**DESCRIPTION OF THE TASK**
Your answer should hold only the lines from the one with "North Star Hotel 23/43" through the end of the records, repeated exactly and minus any pictures.

START EXCERPTED DATA

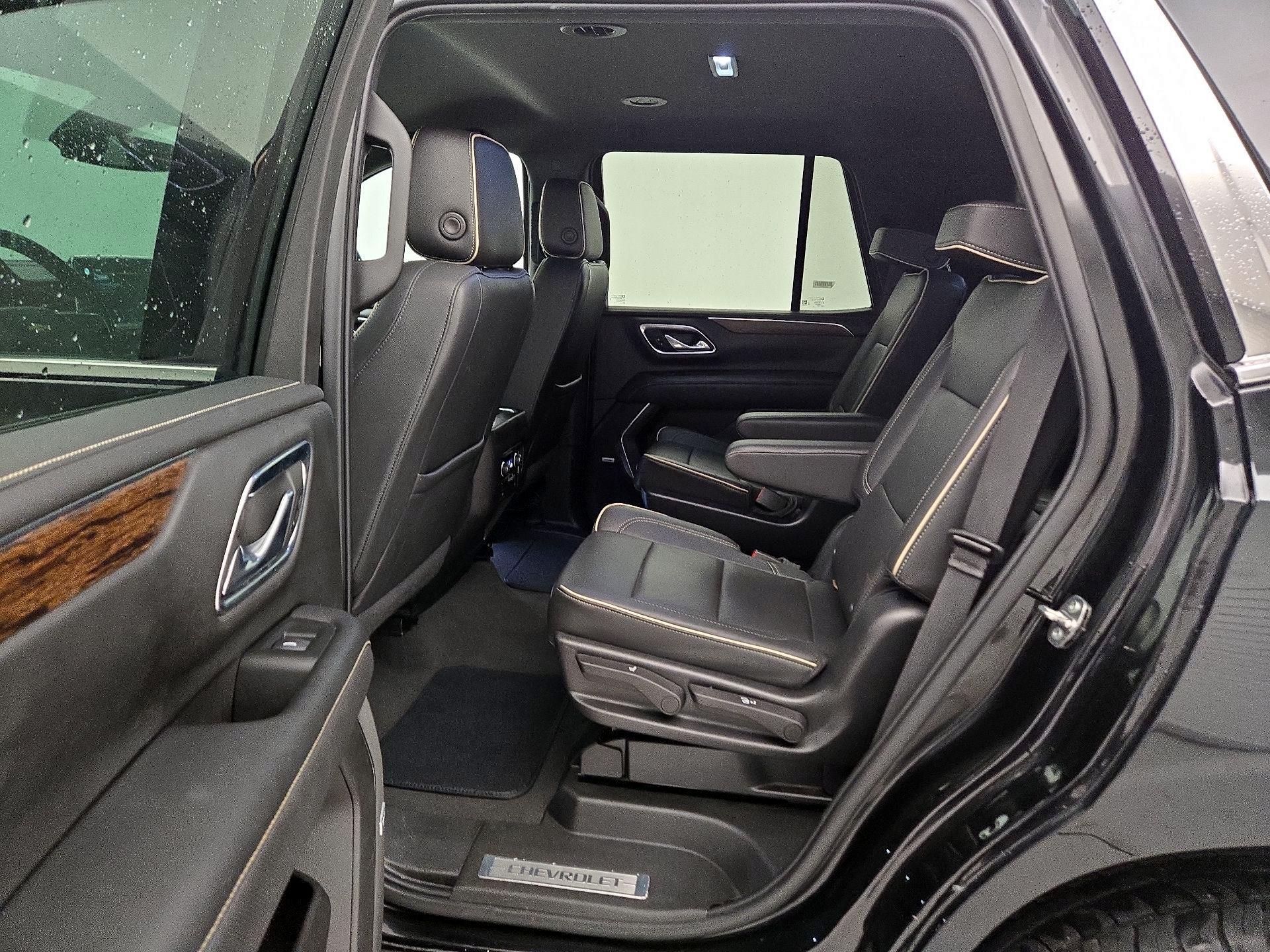 Thumbnail: 2022 Chevrolet Tahoe - 19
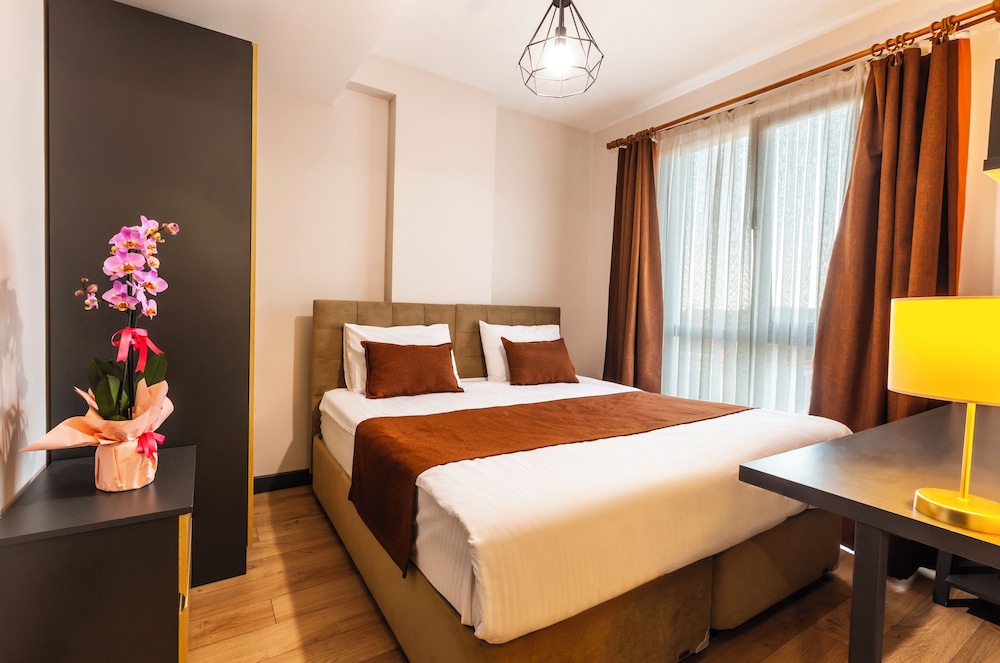 North Star Hotel 23/43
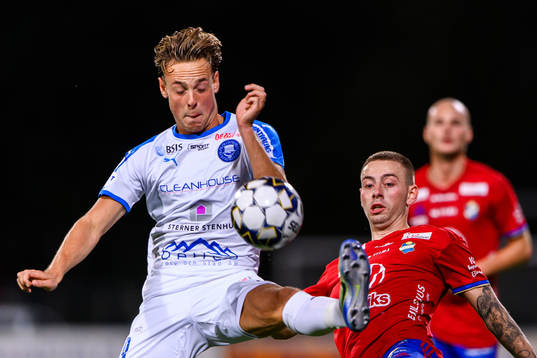 Akropolis Cesar Weilid och Östers Petar Petrovic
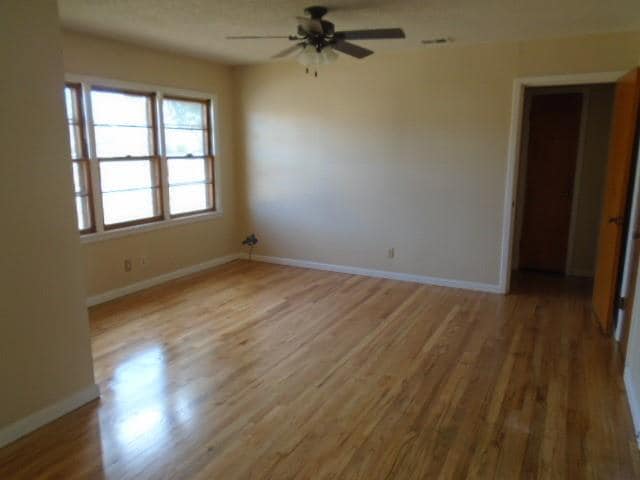 Building Photo - 1542 Sewell St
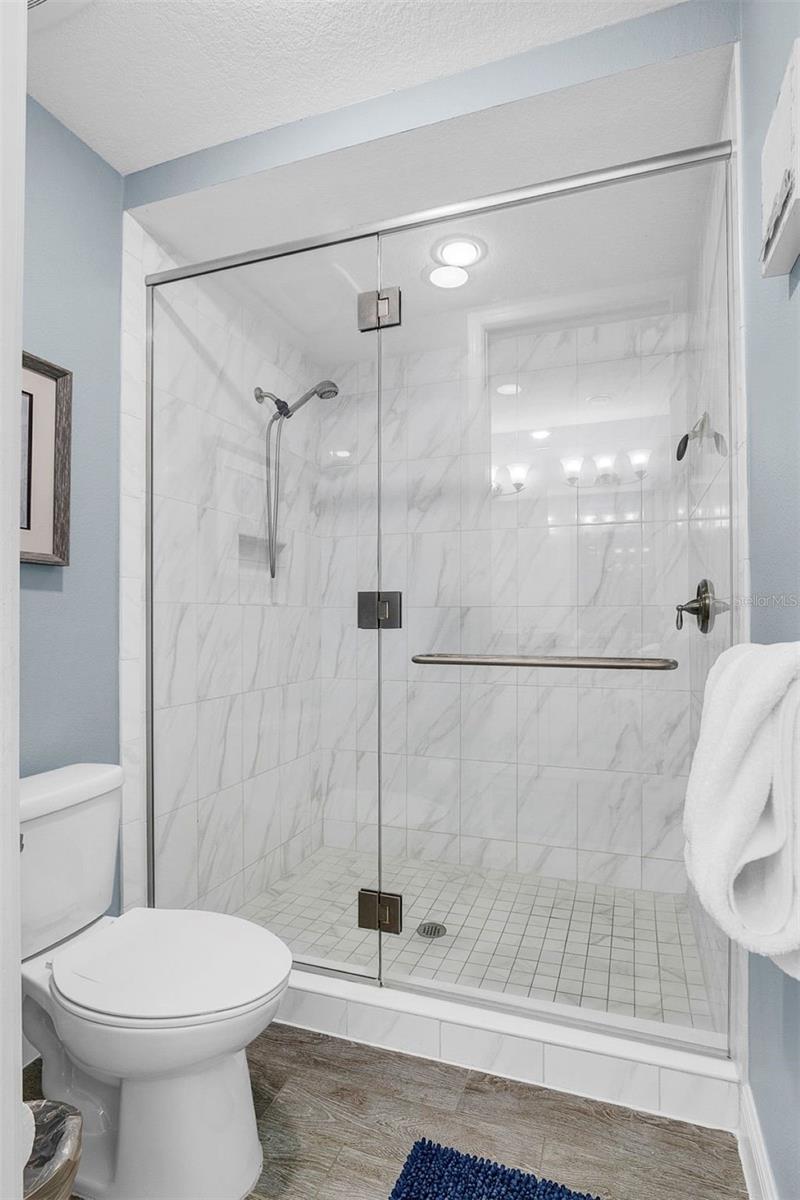 391 ARUBA CIR #203 — photo 27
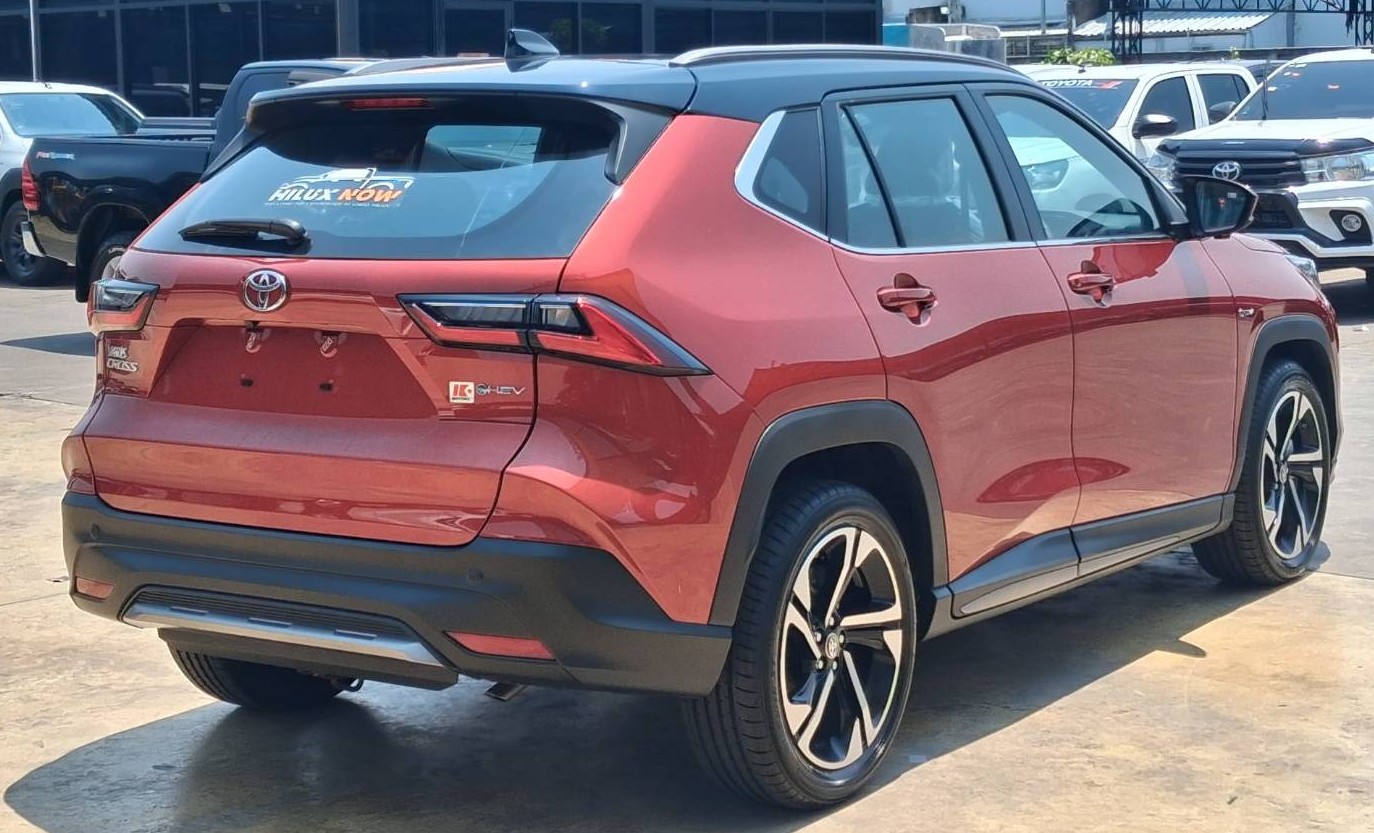Toyota Yaris CROSS Image 4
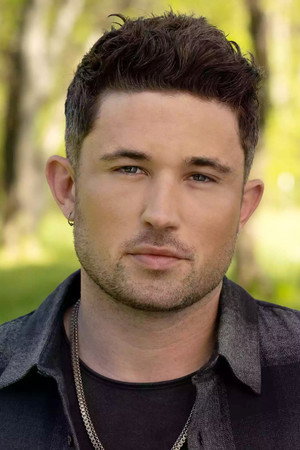 Photo of Michael Ray from the Latest Netflix gallery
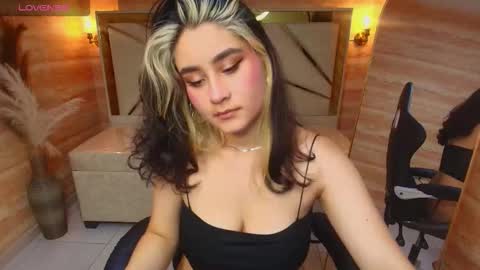 sofi_r_ online show from 11/24/25, 08:19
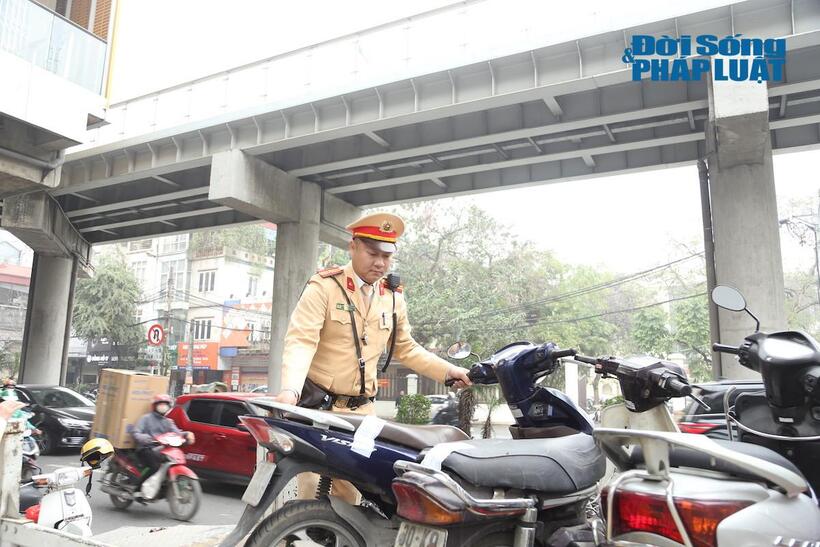 CSGT tiến hành niêm phong, tạm giữ phương tiện vi phạm theo quy định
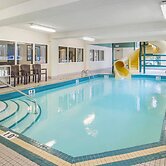 Comfort Inn & Suites University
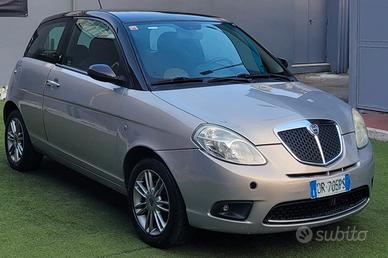 Lancia ypsilon 1.3 multijet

END EXCERPTED DATA

**RESULT FOR THIS TASK**
 North Star Hotel 23/43
 Akropolis Cesar Weilid och Östers Petar Petrovic
 Building Photo - 1542 Sewell St
 391 ARUBA CIR #203 — photo 27
Toyota Yaris CROSS Image 4
 Photo of Michael Ray from the Latest Netflix gallery
 sofi_r_ online show from 11/24/25, 08:19
 CSGT tiến hành niêm phong, tạm giữ phương tiện vi phạm theo quy định
 Comfort Inn & Suites University
 Lancia ypsilon 1.3 multijet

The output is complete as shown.